La Belleza, en singular y con mayúscula, es Dios y sólo Él, es la Santísima Trinidad. La creación y el hombre en particular son bellos a causa de su semejanza con Dios, por ser imagen de Dios (Gn 1), de la raza de Dios (He 17,29). La felicidad del hombre consiste en saciarse de la belleza de Dios: Una cosa pido al Señor, eso buscaré: habitar en la casa del Señor toda mi vida, contemplar la belleza del Señor (Sal 26,4). La ascensión espiritual hacia Dios, el crecimiento de la vida cristiana en nosotros, es una ascensión hacia la Belleza y un crecimiento en la Belleza según la palabra del apóstol: Mas todos nosotros, que con el rostro descubierto reflejamos como en un espejo la gloria del Señor, nos vamos transformando en esa misma imagen cada vez más gloriosos: así es como actúa el Señor, que es Espíritu (2Co 3,18). Por eso las colecciones de escritos de los Padres del desierto sobre la vida espiritual se denominan “Filocalía”, literalmente, “amor de la belleza”.

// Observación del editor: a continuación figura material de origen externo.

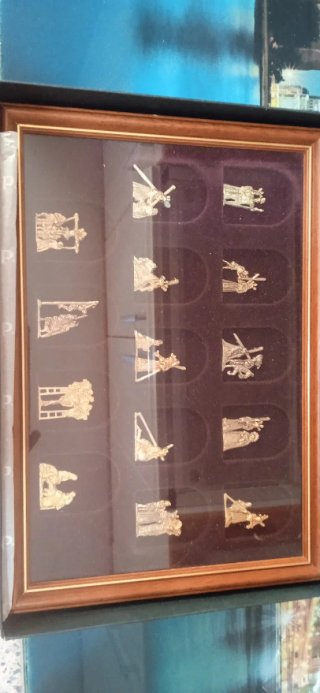 Cuadro con figuras vía Crucis en relieve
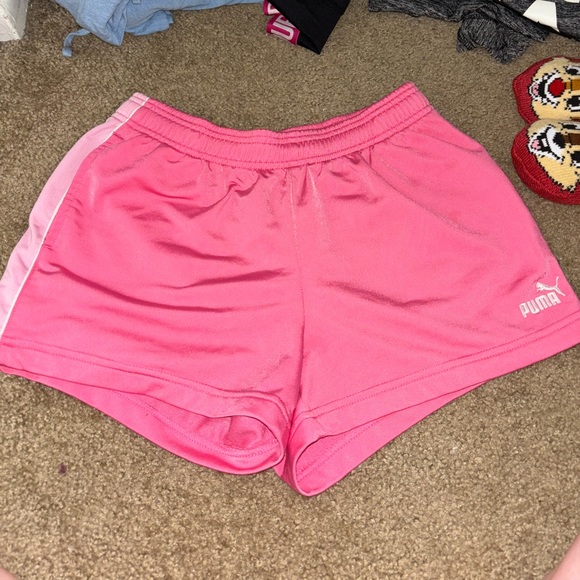 Puma Gym Shorts - Picture 2 of 5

En el cristianismo la belleza se concibe en términos de luz -Dios es Luz sin tiniebla alguna (1Jn 1,5)-y los seres son bellos en la medida en que son percibidos en la luz de Dios que los ilumina y, al iluminarlos, los transfigura: todo es bello en la medida en que está orientado hacia Dios, vuelto hacia Él, receptivo a la luz de Su rostro: Soy negra pero hermosa (Ct 1,5); todo, en cambio es feo, cuando se sustrae a la luz de Dios.
La luz de Dios es creadora, ordenadora, configuradora del ser: por ella los seres son, y son lo que son, en su integridad. El Espíritu Santo es la “luz” que nos hace ver las cosas con los ojos de Dios, con la mirada de Jesús: Él es “el conocimiento directo de la belleza” (Dostojevsky); o como dice el salmo: Por tu luz vemos la luz (Sl 36,10).